**What the exercise asks**
Looking at each line of the data below, tally those that contain the word "with" and give only the total.

************

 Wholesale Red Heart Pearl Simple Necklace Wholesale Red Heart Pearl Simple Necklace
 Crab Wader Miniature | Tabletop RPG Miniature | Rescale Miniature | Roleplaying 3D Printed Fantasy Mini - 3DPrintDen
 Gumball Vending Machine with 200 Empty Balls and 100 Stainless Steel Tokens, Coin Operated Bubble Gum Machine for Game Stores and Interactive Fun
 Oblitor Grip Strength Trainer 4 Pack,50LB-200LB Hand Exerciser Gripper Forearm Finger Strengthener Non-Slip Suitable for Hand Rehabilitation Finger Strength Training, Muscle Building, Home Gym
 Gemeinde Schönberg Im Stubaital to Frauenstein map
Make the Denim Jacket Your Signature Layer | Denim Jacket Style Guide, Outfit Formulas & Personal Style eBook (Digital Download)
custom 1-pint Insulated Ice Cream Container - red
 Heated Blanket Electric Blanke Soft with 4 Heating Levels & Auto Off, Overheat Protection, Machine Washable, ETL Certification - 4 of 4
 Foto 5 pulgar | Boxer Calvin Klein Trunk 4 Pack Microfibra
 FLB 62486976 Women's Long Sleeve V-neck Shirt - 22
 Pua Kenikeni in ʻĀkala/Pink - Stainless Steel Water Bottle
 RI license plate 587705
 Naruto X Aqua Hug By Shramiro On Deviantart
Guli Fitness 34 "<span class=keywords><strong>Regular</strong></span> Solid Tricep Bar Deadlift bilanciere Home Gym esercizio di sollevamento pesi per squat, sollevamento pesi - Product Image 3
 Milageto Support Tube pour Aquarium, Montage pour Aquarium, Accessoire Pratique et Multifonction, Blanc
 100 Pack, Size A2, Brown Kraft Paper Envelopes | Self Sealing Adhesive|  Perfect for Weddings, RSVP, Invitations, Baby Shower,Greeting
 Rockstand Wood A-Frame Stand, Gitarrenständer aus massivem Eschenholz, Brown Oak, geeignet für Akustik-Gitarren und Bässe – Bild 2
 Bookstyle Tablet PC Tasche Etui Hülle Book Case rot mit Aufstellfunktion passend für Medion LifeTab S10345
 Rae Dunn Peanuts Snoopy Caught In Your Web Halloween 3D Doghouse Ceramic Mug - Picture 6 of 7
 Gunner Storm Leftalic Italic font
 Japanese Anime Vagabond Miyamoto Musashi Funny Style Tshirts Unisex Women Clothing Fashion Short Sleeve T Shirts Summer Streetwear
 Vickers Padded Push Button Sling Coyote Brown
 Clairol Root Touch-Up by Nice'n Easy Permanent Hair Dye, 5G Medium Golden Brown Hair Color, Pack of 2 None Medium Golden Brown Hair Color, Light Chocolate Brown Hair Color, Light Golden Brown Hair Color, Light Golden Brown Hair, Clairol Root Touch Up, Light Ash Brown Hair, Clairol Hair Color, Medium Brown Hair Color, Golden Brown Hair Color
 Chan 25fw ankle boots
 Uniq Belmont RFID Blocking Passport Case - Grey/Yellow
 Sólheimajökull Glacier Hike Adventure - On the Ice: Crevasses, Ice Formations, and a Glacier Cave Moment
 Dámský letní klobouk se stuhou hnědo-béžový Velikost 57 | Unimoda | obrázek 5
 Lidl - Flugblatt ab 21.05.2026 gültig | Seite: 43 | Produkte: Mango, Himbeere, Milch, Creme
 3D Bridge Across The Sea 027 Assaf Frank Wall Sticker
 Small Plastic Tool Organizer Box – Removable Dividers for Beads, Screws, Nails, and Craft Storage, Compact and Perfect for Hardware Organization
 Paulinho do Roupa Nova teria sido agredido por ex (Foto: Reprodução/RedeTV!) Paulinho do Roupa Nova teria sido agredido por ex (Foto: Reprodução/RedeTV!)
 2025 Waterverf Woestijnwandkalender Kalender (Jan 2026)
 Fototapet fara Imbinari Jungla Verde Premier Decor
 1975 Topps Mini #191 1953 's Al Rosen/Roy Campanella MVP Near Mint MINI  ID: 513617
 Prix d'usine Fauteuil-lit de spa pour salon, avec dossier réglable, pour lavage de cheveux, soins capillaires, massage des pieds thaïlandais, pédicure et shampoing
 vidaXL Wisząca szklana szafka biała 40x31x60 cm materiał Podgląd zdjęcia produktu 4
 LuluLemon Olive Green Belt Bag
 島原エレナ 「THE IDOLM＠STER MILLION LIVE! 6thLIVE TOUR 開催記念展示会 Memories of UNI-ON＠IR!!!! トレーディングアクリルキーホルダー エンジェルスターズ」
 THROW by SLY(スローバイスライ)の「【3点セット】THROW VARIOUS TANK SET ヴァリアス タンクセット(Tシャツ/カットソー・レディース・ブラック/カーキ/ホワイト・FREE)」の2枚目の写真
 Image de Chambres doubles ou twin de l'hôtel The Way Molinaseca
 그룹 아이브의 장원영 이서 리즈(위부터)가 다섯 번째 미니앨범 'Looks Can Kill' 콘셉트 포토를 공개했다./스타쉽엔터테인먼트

************

**Output of the task**
2